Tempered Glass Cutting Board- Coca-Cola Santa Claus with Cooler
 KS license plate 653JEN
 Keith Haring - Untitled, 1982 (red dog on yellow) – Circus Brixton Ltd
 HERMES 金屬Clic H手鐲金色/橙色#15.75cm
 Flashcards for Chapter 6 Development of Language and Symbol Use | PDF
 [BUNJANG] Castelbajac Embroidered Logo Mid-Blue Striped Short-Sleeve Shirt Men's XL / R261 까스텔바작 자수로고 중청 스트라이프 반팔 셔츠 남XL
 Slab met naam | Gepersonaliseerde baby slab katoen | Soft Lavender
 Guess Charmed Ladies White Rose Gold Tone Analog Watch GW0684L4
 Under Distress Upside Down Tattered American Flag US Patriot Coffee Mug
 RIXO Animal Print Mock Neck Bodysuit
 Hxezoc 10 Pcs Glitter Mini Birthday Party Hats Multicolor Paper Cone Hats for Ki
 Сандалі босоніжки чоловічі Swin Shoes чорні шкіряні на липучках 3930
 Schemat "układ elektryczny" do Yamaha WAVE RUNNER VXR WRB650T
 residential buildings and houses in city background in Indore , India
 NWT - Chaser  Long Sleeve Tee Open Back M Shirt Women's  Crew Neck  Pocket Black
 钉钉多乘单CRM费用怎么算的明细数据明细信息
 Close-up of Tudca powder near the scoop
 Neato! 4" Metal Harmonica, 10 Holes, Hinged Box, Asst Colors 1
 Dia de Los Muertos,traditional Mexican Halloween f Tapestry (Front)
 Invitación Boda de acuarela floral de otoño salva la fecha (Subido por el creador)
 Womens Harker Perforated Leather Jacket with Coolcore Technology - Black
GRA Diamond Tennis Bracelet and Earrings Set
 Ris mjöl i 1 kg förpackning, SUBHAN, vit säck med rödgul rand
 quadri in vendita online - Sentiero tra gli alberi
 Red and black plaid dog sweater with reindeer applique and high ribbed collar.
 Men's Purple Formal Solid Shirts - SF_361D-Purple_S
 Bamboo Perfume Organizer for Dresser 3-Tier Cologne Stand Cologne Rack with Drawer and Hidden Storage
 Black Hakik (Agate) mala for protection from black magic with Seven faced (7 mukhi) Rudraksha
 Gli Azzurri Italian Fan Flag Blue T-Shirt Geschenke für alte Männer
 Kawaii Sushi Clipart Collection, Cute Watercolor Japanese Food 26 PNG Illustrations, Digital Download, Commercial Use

---

■ PROMPT
What number of lines in the records hold "Flag"? Reply with that number alone.

■ EXPECTED ANSWER
2